While APIs have helped the cause, the need for continual data cleaning and formatting before preparation did not go well with AI companies. However, with businesses becoming more synchronous, granular, and self-actualizing, AI tools and automation are expected to aid and contribute to probabilistic synchronization for keeping pace with rapidly evolving market dynamics.
RPAs (robotic process automation) solved many of these hurdles with innovative, solution-driven use cases. These were able to automate repetitive processes via bots, extract data from a plethora of data sources, cleanse them, and send them back to the requisite files and database. But that was not why RPAs were built.
It led to the development of APA (Analytical Process Automation), which is designed to work in collaboration with RPAs in most cases. APAs are ML-powered, self-learning robots that can receive inputs from RPAs and other sources in real-time, handle structured and unstructured data simultaneously, and bring about data-driven automation. The combination of APA and RPA has helped in hyper-automation and data federation by automating high-volume tasks and bringing complex data sources under the periphery of analytic processes not available before.

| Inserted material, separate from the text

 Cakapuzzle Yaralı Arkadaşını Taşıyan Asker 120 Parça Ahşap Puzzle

Superior autonomous planning will take center stage
Today, the increase in the number of federated business components and their accelerating lifecycles are constantly posing challenges to the traditional mindset regarding the lifecycle of a process. It has stemmed from the progressive inculcation of artificial intelligence capabilities to complement traditional distribution center applications.

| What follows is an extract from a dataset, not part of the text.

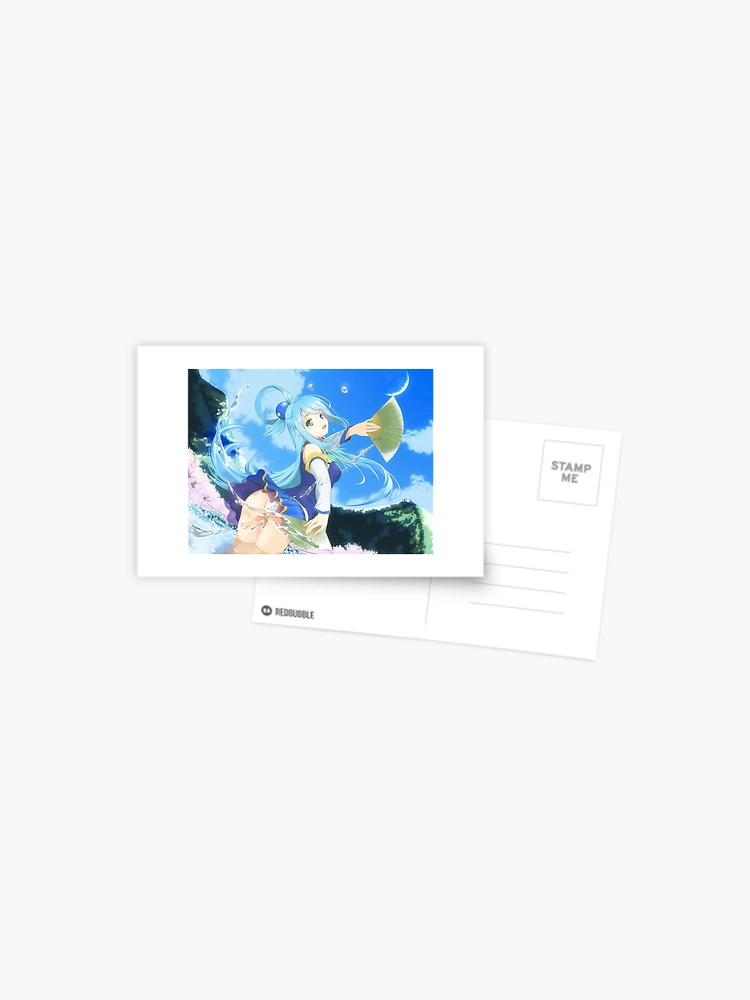 Shy Aqua KonoSuba Anime Girl Mounted Print for Sale by slinkraz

In addition, the rapid shifts in demand have led to traditional supply chain planning is insufficient to cater to the changing times. It has led to logistic companies bringing together the several elements of AI by imbibing autonomous planning on a large scale – a closed-loop planning process, fully automated and designed to improve supply chain processes in real-time. It combines AI technology mainstay – Big Data, with advanced analytics capabilities throughout the supply chain to drive holistic improvements.
Autonomous planning leverages AI in a never-seen-before avatar and requires more than hardware and software. It seeks to reduce human involvement and instead relies on advanced integrated analytics to create a link between demand forecasts and the company’s internal logistics and other processes. As a result, it plays an integral part in improving planning efficiency and real-time reporting of anomalies throughout the supply chain.